[Data to examine]:

-------------------------

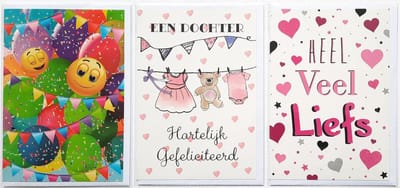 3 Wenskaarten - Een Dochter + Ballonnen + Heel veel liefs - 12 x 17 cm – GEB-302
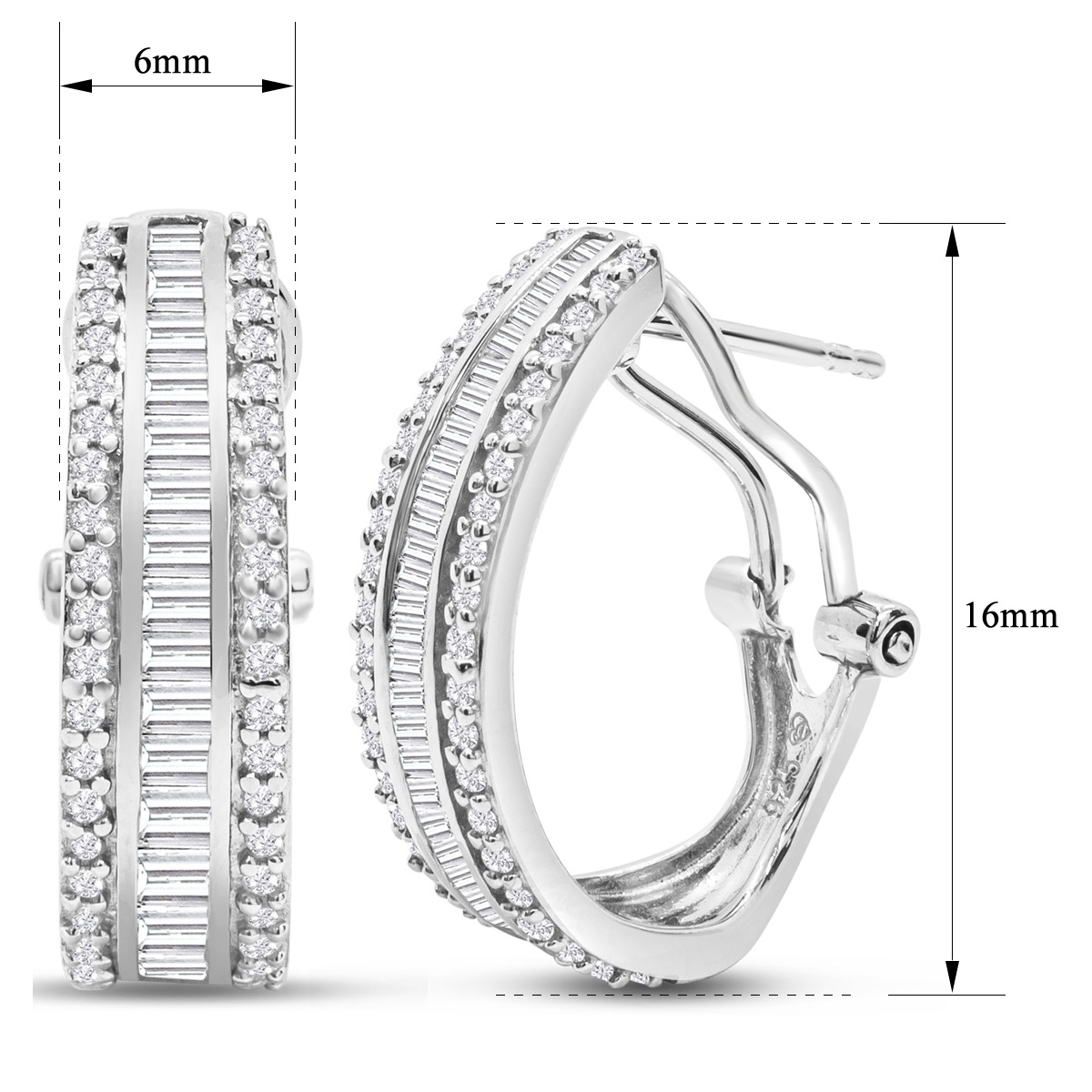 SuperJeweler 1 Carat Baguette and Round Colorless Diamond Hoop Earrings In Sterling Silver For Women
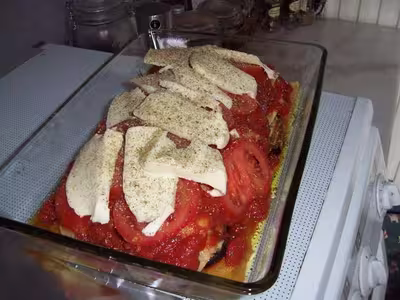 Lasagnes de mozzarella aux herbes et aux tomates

-------------------------

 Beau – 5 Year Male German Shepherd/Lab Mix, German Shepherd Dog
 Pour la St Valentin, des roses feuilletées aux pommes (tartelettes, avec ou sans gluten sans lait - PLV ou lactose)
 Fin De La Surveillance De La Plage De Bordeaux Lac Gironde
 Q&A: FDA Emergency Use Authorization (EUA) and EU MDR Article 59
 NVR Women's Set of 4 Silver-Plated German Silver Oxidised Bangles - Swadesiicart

-------------------------

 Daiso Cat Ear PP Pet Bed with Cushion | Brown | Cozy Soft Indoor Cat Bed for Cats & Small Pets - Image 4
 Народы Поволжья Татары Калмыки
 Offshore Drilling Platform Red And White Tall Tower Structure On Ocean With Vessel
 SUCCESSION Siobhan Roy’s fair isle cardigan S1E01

-------------------------

[Your assignment]:
From the data above, return only the lines starting at the line that holds "SuperJeweler 1 Carat" and ending at the line that holds "Lasagnes de mozzarella", word for word and without pictures.

[Answer space]:
 SuperJeweler 1 Carat Baguette and Round Colorless Diamond Hoop Earrings In Sterling Silver For Women
 Lasagnes de mozzarella aux herbes et aux tomates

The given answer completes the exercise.